“The more we do, the more we can do; the more busy we are, the more leisure we have.” -Dag Hammarskjold
I am going to be busy with work for the next few weeks. I won’t have much time to devote to blogging and reading blogs — not that I’ve had a ton of time recently anyway. I am excited and scared to have some extra work. But I know it will pay off in the end. Keeping my eye on the prize: a bike.
- I do hope to keep up with all of my training, although I admit, it may suffer a bit.
- I love having a trainer. I can get up early and ride while watching TV. I don’t have to worry about going out in the cold and dark.
- I have been able to run on my lunch hour, and since I am finally admitting I can only run 3 days per week, that is working out nicely. Usually Tuesdays, Thursdays, and then the long run on Saturday.
- I got to run with Lindsay, Karla, Nicole and Alma on the Soos Creek Trail last Saturday, and it was an absolute blast. Seven miles flew by. I almost forgot how great it is to run with buddies.

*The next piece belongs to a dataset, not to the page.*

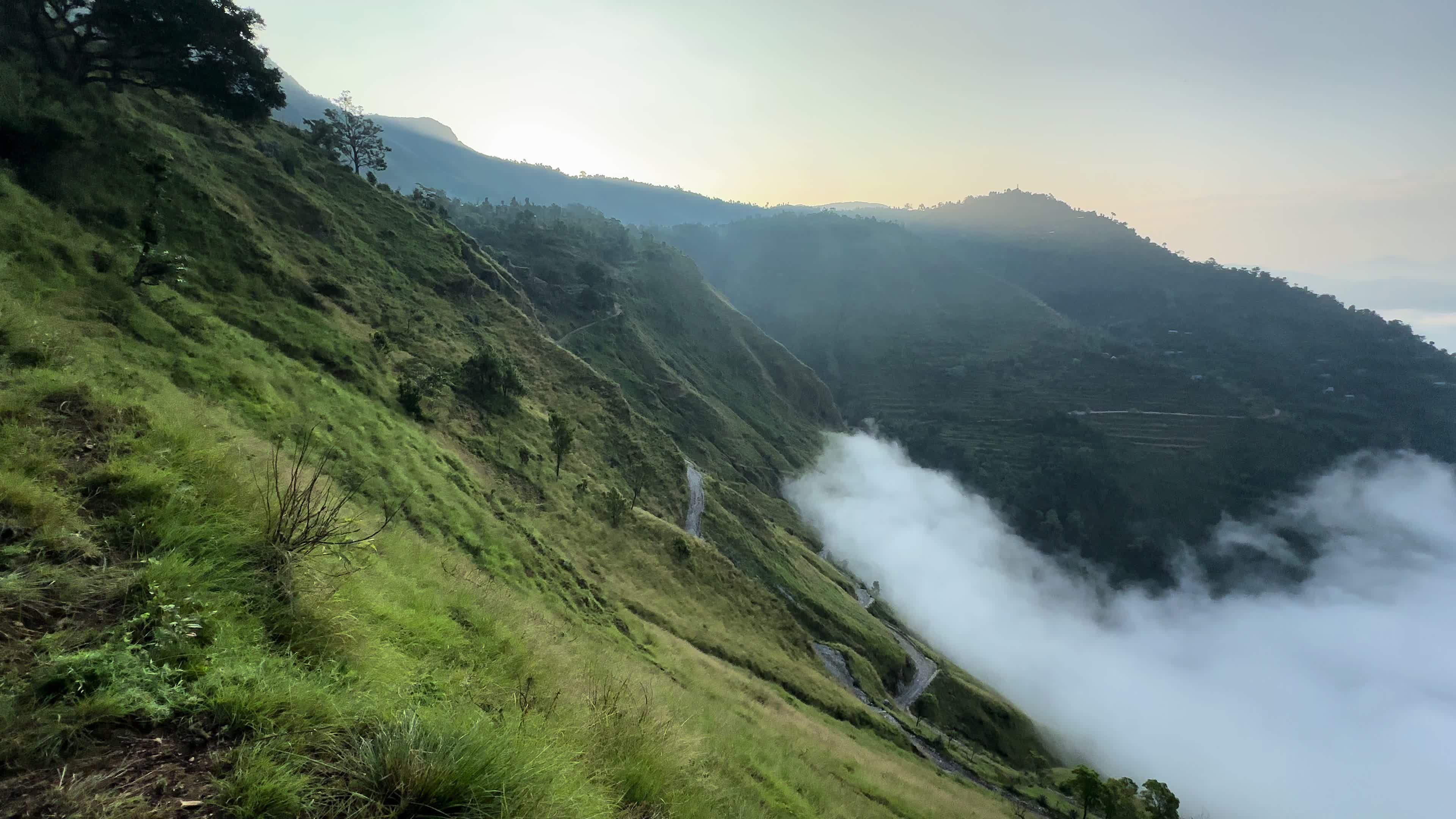 @Bivek Gyawali
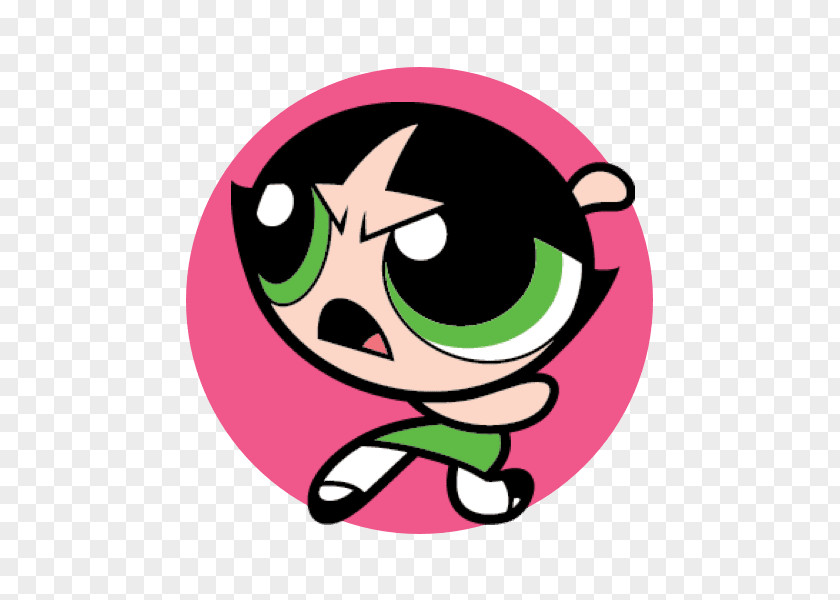 Ensinar Blossom, Bubbles, And Buttercup Cartoon Network Pizzaly PNG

- Thanks to Alma’s suggestion, I ordered these Jillian Michaels strength training cards. I’ve been having trouble finding a weight-lifting routine that doesn’t require going to a gym (obviously, I do not have time for gyms).
- I have not been to the pool once. See bullet above.
- I changed my calories to 2,000 per day (plus more if I burn calories working out, which I usually do). It is HARD to eat that many calories while sticking to cleaner, nutritional foods. I find myself getting too full sometimes. I admit, I’ve been indulging more in treats, though, too.
- Since I raised my calorie allowance two weeks ago, my weight iniatially went up to 153.8 (up about a pound an a half). I tried not to panic. This last week it was down to 153.4. So, I’d call that pretty steady. Besides, it’s not about the scale, and more about how my body looks and fits in clothes.
- The best news: I have noticed a less flabby belly! I still have not taken my measurements. Ineedto do that.
- My next race is the Seattle Half at the end of November. What’s yours? (My physical therapist is looking for a bib for the Seattle Half if you know of one.)
- After the Seattle Half, I have the Mustache Dache on November 17. Really looking forward to that one!
- What’s going on with you?!
6 comments
Hmm do you mean your next half is the Snohomish River Run, then the Mustached Dache and then the Seattle Half?
I have the ChaLean Extreme DVDs I really need to do them as they care great for strength training. Since I stopped running and started my training for the 3 day walk I feel like I have been sucking at working out. Sure I walk a lot…and I mean a lot but I have not being doing much of anything else. Need to get back on the strength trainig and on my spin bike.
Well, I had planned on doing that race, but then we had about three other things come up on that weekend — most importantly my son’s last soccer game. Although, now his game isn’t until 2…so I may come out and cheer!
The strength stuff is so important, I’m discovering. Even though I feel like I’m not “working out” because I’m not doing cardio! Walking is hard; I’ve been seeing your updates. Good job! Are your feet killing you?
I think u can run the river run and go to your sons game:) I am running the half and my son has a game too. How do you figure out your weight down to the decimal?! You must have a digital scale:). I am signed up for the Seattle half but will be in Hawaii. Maybe your friend can use my bib. Email me:)
Well, I thought about it now that the time changed, but I don’t have anyone to watch him that weekend. It’s no biggie. I’ll email you about the bib. Thanks! (And, yes, it’s digital.)
What weekend is it? I can watch him? (Or, can watch him + dogs while you sleep/work too!)
Well, shoot. I haven’t been training for it. Let’s talk tomorrow, lady.